Anwendungsbereiche
Sand und Kies - Definition und Anwendung
Kies und Sand als Rohstoffe in der Bauwirtschaft werden im Allgemeinen unter den Begriffen Baukies und Bausand zusammengefasst. Aufgrund der vielfältigen Einsatzmöglichkeiten von Sand im Baubereich werden zusätzlich eine Reihe von Begriffen verwendet, in denen die spezielle Eignung eines Sandes direkt zum Ausdruck kommt.
Das natürliche Rohmaterial wird durch Waschen und Sieben aufbereitet und damit Baukies und Bausand produziert. Beim Waschen werden abschlämmbare Bestandteile wie beispielsweise Schluff, Lehm, Ton oder auch Holzkohlepartikel entfernt. Durch das Sieben wird das gewonnene Material in verschiedene Korngrössenklassen (Kornfraktionen) geteilt, die dann je nach Bedarf zum Einsatz kommen. Erhöhte Anforderungen an manche Baukiese und Bausande werden durch DIN-Normen geregelt.
Sand
Sand bildet in vielen Wirtschaftszweigen eine grundlegende Rohstoffkomponente und ist daher von wesentlicher wirtschaftlicher Bedeutung. In erster Linie dient er als Baustoff im Tief-, Verkehrswege-, und Erdbau sowie als Grundstoff für die Glasherstellung. Quarzreicher Sand ist ein Rohstoff für die Zementherstellung. Des Weiteren stellt Sand einen wesentlichen Zuschlagsstoff bei Baustoffen wie Beton und Mörtel dar. Beim Verlegen von Pflasterbelägen eignet sich Sand sowohl als Pflasterbettung als auch für die Fugenfüllung.
Kies
Der Begriff Kies bezeichnet ein weitverbreitetes Sedimentgestein. Hierbei handelt es sich ursprünglich um eine Ansammlung von in Flüssen und Bächen rundgeschliffenen kleinen Steinen, umgangssprachlich auch Kieselsteine genannt. Größere Steine werden Gerölle oder Geschiebe genannt, unrunde oder scharfkantige Formen Schutt (als Begriff des Bauwesens Schotter).

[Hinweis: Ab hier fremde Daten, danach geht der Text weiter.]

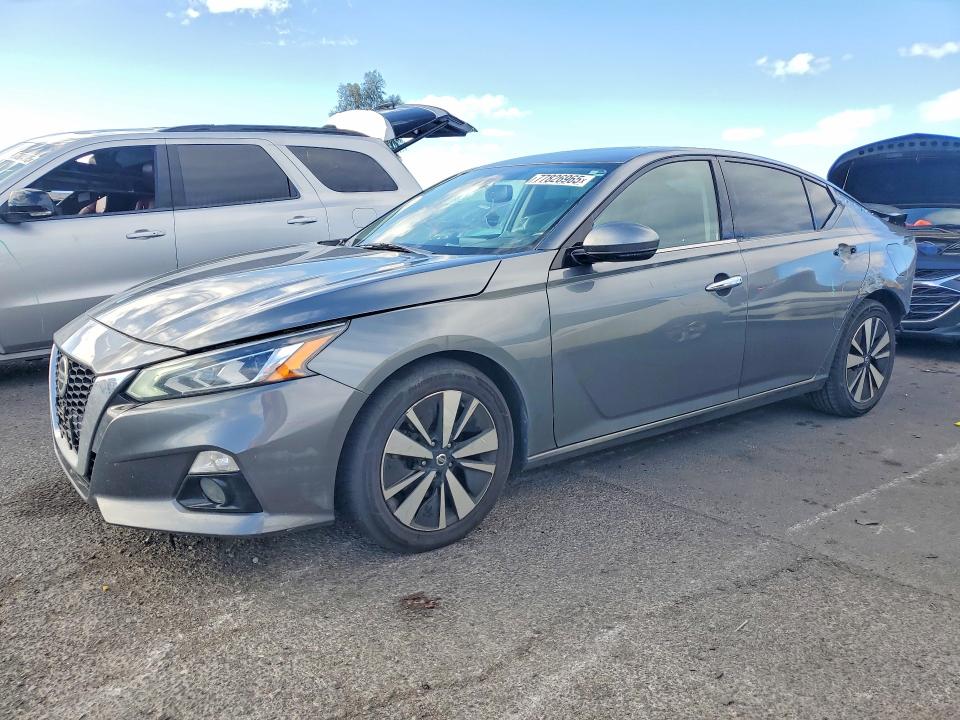NISS ALTIMA 2019 with VIN 1N4BL4EV6KC153632 - Photo from auction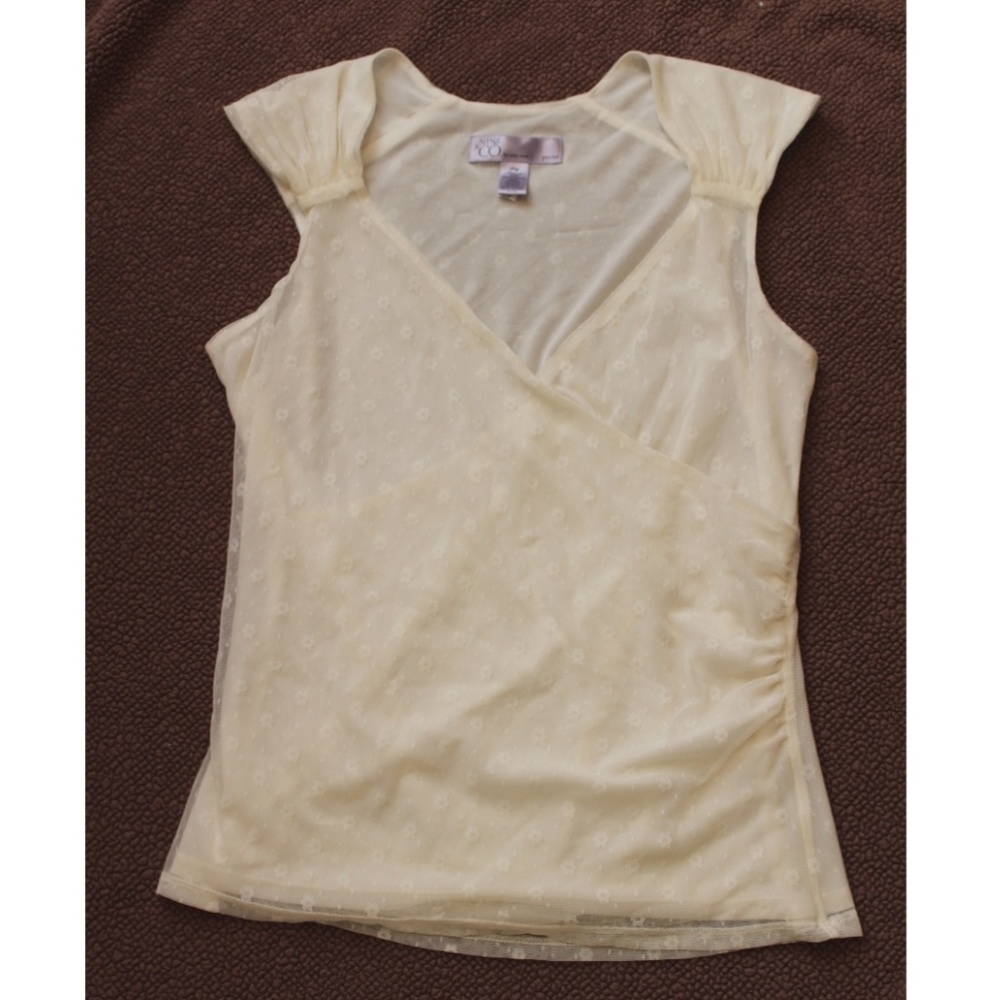 Cream Top Petite Medium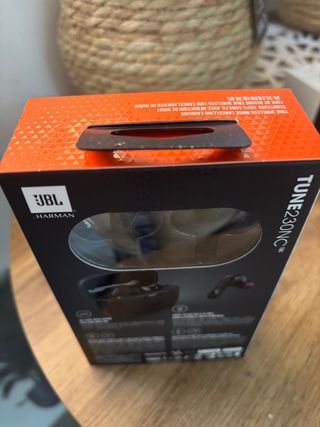 Auriculares JBL Tune 230NC TWS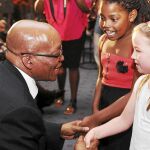 EN BUSCA DE LA FOTO. El presidente surafricano, Jacob Zuma, saluda a unas niñas en la iglesia metodista de Bryanston, ayer en Johannesburgo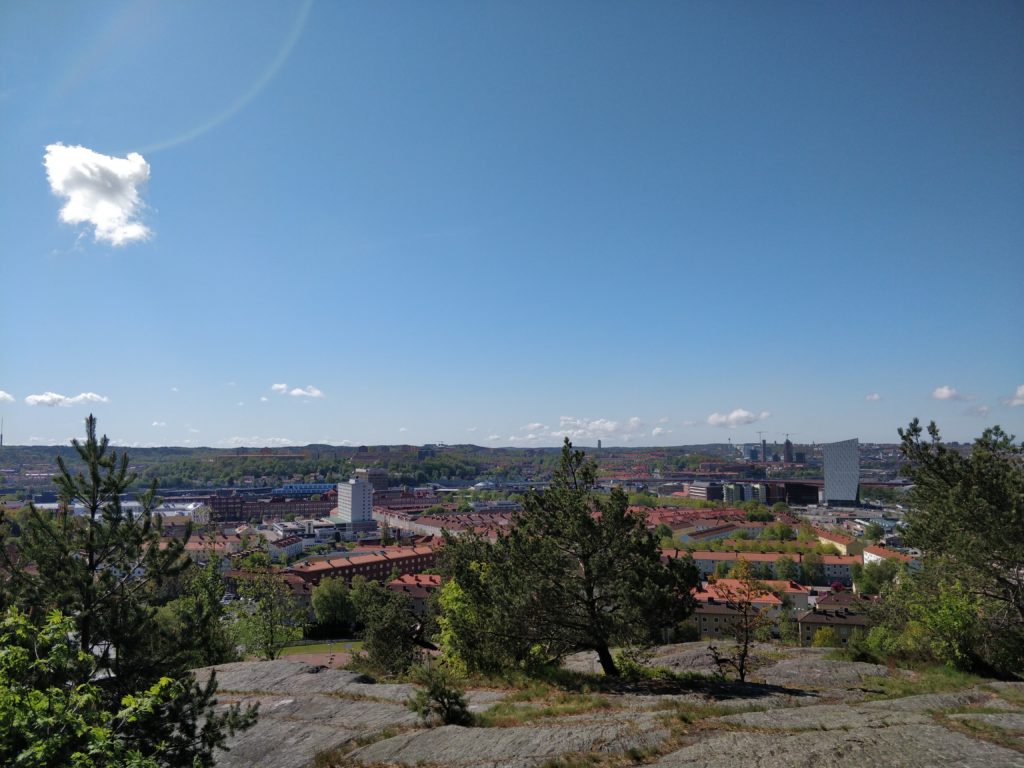Utkiksplats över göteborg, med blå himmel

Kies findet in der Bauwirtschaft Verwendung als Zuschlagsstoff (Gesteinskörnung) in Beton, als Schüttmaterial im Erdbau sowie als Gleisschotter im Bahnbau. Reiner Kies besitzt ein großes Porenvolumen und eignet sich daher aufgrund der hohen Wasserdurchlässigkeit auch als Filterschicht für Drainagen in feuchtem Untergrund. Da Kies im Gegensatz zum Humus keine für Pflanzen nahrhaften Stoffe enthält und Oberflächenwasser rasch versickert, findet sich dort nur eine spärliche Bewachsung.